## ACTION ITEM
Output, exactly as written, the lines below starting at the line containing "Bolso de Mujer" and ending at the line containing "December 4, 3:04 am". Drop the pictures and keep both end lines.

## DATA PROVIDED
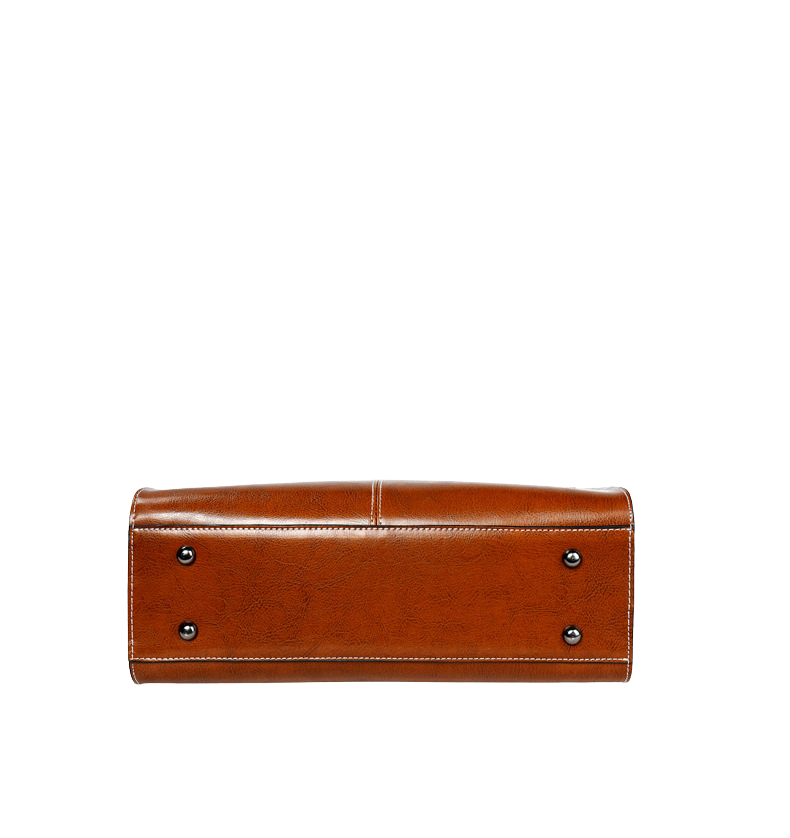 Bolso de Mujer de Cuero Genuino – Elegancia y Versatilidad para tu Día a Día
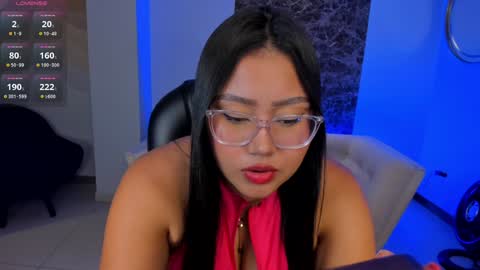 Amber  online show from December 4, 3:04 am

==

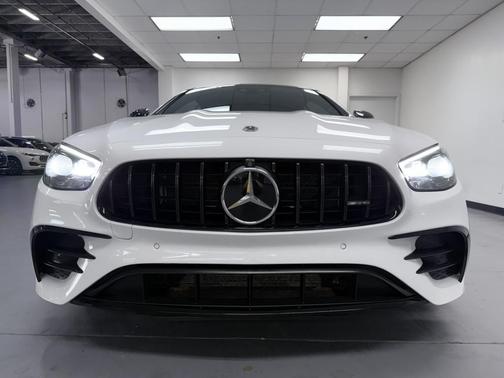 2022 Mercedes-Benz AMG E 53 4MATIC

## RESULT FOR THIS EXERCISE
 Bolso de Mujer de Cuero Genuino – Elegancia y Versatilidad para tu Día a Día
 Amber  online show from December 4, 3:04 am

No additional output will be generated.